• TASK ITEM: Among the records that follow, find the line with "100% Natural Undyed" and the line with "Produktbild: Governance and". Set down those lines and all lines between them exactly, without adding anything.

• MATERIAL FOR THIS EXERCISE:

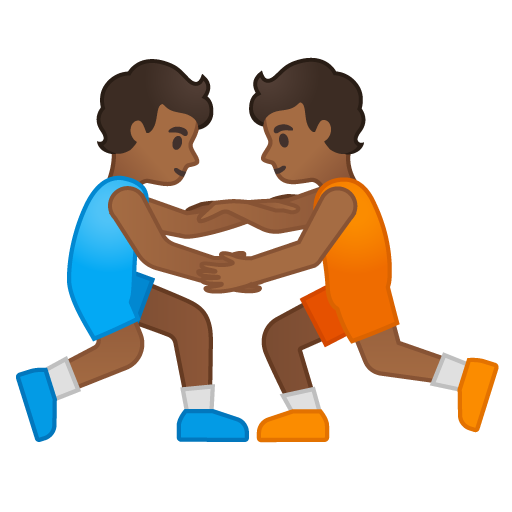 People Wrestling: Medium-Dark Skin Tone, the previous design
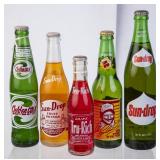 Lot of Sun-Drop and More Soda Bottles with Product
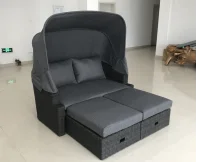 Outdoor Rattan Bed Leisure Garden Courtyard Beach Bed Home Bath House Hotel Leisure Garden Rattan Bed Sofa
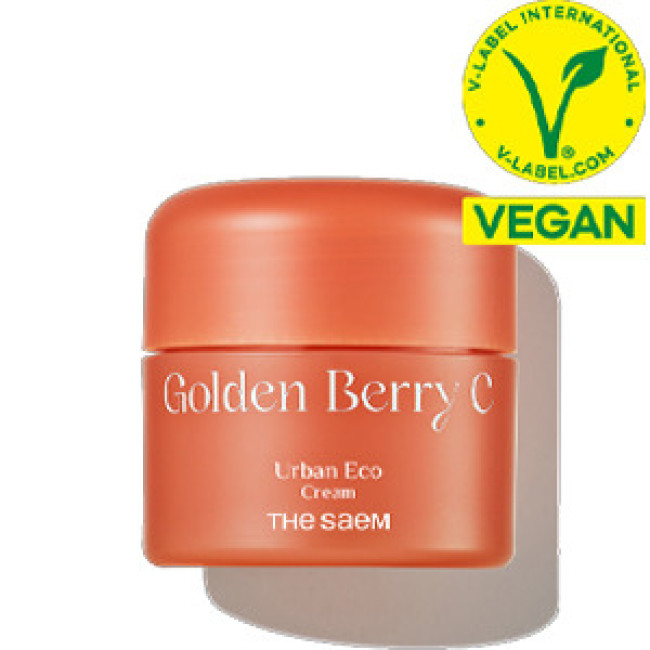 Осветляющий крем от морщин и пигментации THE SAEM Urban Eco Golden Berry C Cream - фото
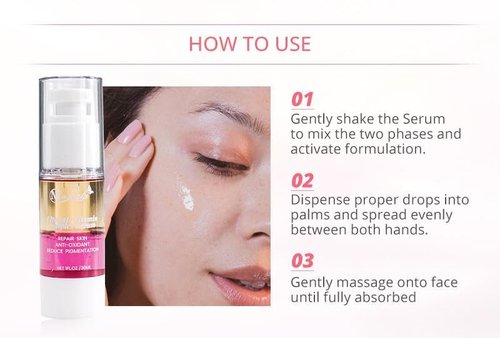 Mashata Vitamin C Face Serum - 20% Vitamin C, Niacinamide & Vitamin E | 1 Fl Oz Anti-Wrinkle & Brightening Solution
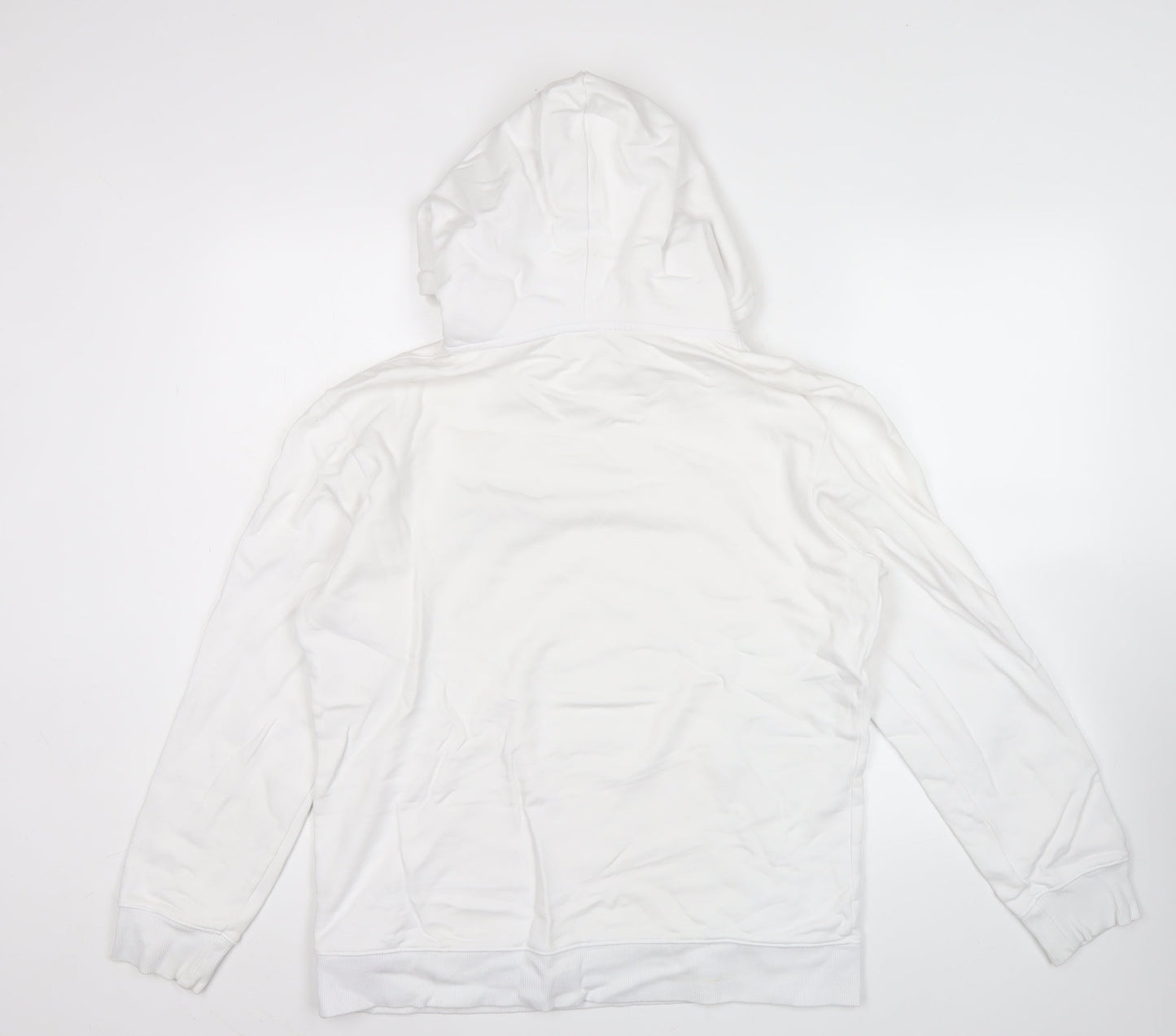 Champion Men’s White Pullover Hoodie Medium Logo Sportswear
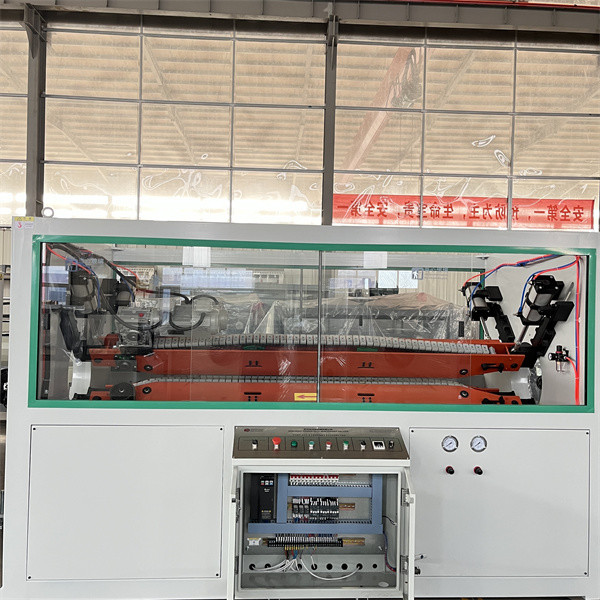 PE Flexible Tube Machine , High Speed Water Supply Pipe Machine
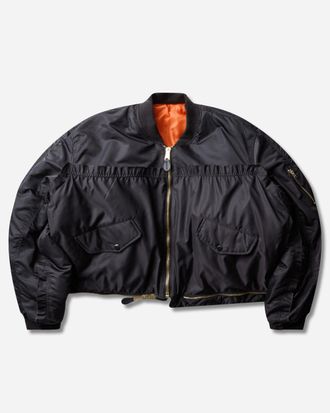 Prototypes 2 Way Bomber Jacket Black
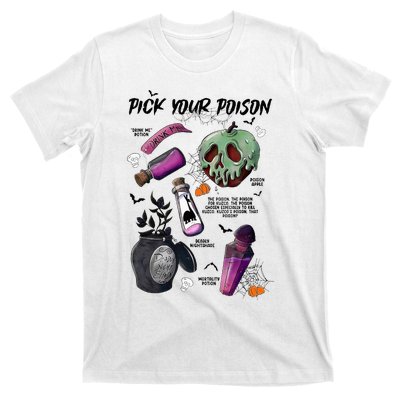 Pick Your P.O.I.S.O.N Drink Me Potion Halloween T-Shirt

* * *

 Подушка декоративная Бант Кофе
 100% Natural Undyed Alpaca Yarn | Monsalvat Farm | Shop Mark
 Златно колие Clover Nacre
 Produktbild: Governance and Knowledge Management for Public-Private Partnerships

• EXERCISE OUTPUT:
 100% Natural Undyed Alpaca Yarn | Monsalvat Farm | Shop Mark
 Златно колие Clover Nacre
 Produktbild: Governance and Knowledge Management for Public-Private Partnerships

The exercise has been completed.